К ночи, утомлённые трудом и опасностями дня, дружинники собирались домой и, лёжа на полу комнаты, рассказывали друг другу о пережитом за истекший день. Все это были юноши в возрасте восемнадцати — двадцати двух лет, а командовал ими товарищ Арабидзе (артист грузинской драмы т. Васо Арабидзе), человек лет под тридцать, энергичный, строго требовательный и героически настроенный революционер. Если не ошибаюсь, это он застрелил в 1908 году генерала Азанчеева-Азанчевского, начальника одного из карательных отрядов в Грузии.
Арабидзе был первый человек, от кого я услышал имя Камо и рассказы о деятельности этого исключительно смелого работника в области революционной техники.
Рассказы были настолько удивительны и легендарны, что даже в те героические дни с трудом верилось, чтоб человек был способен совмещать в себе так много почти сказочной смелости с неизменной удачей в работе и необыкновенную находчивость с детской простотой души. Мне тогда подумалось, что, если написать о Камо всё, что я слышал, никто не поверит в реальное существование такого человека, и читатель примет образ Камо как выдумку беллетриста. И почти всё, что рассказывал Арабидзе, я объяснял себе революционным романтизмом рассказчика.
Но, как нередко случается, оказалось, что действительность превышает «выдумку» своей сложностью и яркостью.

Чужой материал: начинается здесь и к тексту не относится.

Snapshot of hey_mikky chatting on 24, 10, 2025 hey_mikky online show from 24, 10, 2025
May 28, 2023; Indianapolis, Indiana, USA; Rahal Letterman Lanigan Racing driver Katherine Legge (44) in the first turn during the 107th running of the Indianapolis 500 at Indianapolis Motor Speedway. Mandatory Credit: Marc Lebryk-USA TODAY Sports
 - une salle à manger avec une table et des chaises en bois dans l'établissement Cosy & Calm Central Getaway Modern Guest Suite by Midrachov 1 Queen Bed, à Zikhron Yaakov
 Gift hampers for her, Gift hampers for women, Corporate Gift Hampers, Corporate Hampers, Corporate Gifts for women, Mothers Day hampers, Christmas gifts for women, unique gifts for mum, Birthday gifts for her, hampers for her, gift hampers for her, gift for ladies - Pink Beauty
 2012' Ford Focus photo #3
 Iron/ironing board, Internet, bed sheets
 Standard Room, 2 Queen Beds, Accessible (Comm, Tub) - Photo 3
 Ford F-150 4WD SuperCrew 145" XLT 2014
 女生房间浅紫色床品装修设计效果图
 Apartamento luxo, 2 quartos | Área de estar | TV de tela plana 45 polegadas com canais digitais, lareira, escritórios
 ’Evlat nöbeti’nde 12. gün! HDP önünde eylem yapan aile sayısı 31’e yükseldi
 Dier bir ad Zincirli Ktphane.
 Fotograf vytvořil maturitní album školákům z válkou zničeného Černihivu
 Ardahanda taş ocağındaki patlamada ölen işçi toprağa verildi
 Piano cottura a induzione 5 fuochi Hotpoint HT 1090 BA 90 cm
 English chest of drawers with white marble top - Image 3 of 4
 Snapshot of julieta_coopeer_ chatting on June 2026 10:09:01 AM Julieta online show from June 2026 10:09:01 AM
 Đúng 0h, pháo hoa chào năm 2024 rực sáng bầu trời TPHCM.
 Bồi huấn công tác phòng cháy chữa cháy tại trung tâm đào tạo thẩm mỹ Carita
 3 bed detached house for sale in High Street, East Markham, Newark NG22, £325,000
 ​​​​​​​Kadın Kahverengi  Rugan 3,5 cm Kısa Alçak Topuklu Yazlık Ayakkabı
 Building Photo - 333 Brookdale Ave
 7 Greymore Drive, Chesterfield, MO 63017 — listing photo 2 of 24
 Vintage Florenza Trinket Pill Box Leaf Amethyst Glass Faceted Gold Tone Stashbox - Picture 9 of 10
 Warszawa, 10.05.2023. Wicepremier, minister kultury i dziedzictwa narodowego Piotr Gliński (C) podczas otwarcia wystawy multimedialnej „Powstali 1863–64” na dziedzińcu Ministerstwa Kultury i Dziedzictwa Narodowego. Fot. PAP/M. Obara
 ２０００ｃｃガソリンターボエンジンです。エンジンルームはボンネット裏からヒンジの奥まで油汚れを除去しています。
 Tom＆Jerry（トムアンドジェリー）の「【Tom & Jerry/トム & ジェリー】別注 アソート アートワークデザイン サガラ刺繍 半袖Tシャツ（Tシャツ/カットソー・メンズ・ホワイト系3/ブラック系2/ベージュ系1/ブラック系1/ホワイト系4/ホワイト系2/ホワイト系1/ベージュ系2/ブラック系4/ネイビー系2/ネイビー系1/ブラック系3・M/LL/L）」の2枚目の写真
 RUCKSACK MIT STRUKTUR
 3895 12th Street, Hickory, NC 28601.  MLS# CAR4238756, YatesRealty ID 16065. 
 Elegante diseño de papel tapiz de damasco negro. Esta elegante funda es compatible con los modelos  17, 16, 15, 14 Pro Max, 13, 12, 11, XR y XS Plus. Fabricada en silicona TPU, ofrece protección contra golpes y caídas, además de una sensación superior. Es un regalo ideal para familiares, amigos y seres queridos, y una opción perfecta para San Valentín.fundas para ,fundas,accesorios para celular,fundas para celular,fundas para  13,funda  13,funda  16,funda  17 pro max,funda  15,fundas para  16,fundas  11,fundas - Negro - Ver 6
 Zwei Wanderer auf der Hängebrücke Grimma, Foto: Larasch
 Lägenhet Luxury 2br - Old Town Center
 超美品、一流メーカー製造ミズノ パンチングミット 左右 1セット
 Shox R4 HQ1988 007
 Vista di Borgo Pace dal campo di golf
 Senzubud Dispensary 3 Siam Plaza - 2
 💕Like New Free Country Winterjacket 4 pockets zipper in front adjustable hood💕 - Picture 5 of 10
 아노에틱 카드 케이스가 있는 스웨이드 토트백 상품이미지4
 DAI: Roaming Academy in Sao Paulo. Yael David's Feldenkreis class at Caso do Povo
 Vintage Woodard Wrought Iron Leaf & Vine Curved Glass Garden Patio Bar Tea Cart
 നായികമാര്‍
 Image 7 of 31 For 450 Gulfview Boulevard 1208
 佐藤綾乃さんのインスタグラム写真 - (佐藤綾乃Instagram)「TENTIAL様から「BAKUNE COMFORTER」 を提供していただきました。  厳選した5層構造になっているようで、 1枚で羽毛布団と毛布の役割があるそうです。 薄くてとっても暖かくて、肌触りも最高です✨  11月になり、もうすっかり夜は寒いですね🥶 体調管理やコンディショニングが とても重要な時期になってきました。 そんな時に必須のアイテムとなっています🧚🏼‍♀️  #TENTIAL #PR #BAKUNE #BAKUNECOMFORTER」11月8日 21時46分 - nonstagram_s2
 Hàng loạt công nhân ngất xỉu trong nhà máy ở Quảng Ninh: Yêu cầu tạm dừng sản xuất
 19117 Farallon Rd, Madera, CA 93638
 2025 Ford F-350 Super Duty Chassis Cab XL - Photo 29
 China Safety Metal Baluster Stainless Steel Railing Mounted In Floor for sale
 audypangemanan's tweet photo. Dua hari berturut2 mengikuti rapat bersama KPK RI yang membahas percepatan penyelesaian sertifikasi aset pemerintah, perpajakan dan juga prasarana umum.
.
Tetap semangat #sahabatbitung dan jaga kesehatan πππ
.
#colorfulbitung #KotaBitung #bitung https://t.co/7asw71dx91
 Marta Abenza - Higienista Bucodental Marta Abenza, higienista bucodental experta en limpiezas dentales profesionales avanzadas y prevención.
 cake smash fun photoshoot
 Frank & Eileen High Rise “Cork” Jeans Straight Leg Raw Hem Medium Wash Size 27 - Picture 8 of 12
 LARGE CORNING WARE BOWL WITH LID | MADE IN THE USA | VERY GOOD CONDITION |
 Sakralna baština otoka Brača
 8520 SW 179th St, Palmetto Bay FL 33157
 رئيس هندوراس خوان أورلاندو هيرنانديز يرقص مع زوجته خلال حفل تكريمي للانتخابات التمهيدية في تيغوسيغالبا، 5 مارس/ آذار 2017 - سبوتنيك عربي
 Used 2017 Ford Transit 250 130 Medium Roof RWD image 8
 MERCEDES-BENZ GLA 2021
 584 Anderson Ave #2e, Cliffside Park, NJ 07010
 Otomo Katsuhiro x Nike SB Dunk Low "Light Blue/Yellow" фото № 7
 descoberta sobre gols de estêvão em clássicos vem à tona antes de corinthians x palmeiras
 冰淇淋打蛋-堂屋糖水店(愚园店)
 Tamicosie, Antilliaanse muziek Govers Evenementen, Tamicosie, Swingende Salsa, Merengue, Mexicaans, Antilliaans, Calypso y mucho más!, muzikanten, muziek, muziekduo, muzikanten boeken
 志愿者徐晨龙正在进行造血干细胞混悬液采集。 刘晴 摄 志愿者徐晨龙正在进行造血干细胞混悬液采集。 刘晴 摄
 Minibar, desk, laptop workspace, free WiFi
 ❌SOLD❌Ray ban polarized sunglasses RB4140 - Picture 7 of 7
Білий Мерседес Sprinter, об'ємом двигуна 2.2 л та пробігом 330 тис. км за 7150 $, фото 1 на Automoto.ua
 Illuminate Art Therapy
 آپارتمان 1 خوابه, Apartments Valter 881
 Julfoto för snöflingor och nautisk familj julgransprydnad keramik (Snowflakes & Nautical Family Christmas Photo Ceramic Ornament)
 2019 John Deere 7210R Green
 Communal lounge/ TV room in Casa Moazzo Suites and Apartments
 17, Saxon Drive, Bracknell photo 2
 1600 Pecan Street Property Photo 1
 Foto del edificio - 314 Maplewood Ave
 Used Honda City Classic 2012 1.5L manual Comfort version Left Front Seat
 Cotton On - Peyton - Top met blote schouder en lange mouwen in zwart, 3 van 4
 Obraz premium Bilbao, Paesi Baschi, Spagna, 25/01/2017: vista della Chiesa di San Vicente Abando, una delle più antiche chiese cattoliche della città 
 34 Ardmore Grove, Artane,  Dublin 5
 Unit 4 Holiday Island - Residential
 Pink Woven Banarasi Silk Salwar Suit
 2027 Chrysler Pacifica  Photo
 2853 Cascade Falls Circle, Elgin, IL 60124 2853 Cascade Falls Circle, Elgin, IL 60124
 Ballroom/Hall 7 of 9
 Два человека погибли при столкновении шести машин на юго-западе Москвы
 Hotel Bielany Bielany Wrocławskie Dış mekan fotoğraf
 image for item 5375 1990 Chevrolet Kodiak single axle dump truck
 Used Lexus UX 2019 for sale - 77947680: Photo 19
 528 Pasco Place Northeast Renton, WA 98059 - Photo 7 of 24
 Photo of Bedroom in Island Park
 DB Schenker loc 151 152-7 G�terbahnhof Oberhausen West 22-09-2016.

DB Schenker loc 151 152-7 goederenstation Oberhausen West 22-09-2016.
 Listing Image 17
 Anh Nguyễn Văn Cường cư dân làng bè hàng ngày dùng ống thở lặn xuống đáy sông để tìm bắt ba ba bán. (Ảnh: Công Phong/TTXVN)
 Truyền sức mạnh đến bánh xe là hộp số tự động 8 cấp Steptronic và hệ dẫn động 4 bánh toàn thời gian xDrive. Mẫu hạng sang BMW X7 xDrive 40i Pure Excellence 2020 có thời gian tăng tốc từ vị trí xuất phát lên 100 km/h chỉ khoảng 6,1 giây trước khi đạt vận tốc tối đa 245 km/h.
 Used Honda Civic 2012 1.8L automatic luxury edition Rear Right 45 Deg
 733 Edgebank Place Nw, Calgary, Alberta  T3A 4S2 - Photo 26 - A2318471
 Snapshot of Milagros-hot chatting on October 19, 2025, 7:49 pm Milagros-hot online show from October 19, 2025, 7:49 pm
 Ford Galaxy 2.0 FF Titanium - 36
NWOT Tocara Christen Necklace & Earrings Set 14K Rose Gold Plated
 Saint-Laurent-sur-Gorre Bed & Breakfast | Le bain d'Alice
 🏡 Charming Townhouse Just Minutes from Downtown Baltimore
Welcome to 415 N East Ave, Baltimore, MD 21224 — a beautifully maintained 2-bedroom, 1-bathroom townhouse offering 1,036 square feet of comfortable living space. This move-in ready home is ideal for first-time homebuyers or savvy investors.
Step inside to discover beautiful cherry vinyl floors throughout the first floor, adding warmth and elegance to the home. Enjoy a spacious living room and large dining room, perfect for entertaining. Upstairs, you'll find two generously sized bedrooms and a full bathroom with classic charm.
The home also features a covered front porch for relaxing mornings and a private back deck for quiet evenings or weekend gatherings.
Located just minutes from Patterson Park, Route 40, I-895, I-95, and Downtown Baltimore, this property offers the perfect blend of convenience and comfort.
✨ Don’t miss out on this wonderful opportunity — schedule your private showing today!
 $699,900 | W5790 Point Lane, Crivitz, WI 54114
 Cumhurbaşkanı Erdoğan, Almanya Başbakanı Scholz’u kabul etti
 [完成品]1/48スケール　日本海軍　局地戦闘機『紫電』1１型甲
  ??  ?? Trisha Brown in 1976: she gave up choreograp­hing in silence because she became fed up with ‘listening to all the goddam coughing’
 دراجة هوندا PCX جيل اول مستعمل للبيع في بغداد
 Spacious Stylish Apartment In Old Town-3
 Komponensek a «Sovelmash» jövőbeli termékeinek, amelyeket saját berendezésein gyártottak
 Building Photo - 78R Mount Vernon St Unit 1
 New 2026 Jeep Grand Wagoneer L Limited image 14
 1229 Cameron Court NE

Вскоре рассказы о Камо подтвердил мне Н. Н. Флеров, — человек, которого я знал еще в 92 году в Тифлисе, где он работал корректором в газете «Кавказ». Тогда он был «народником», только что вернулся из сибирской ссылки, очень устал там, но познакомился с Марксом и весьма красноречиво убеждал меня и товарища моего Афанасьева в том, что — «На нас работает история».
Как многим уставшим, эволюция нравилась ему больше революции.
Но в 905 году он явился в Москву другим человеком.
— У нас, батенька, начинается социальная революция, понимаете? Начинается и будет, потому что началась снизу, из почвы, — говорил он, сухо покашливая, осторожным голосом человека, лёгкие которого сжигает туберкулёз. Мне было приятно видеть, что он утратил близорукость узкого рационалиста, радостно слышать горячие слова.
— Какие удивительные революционеры выходят из рабочей среды! Вот послушайте!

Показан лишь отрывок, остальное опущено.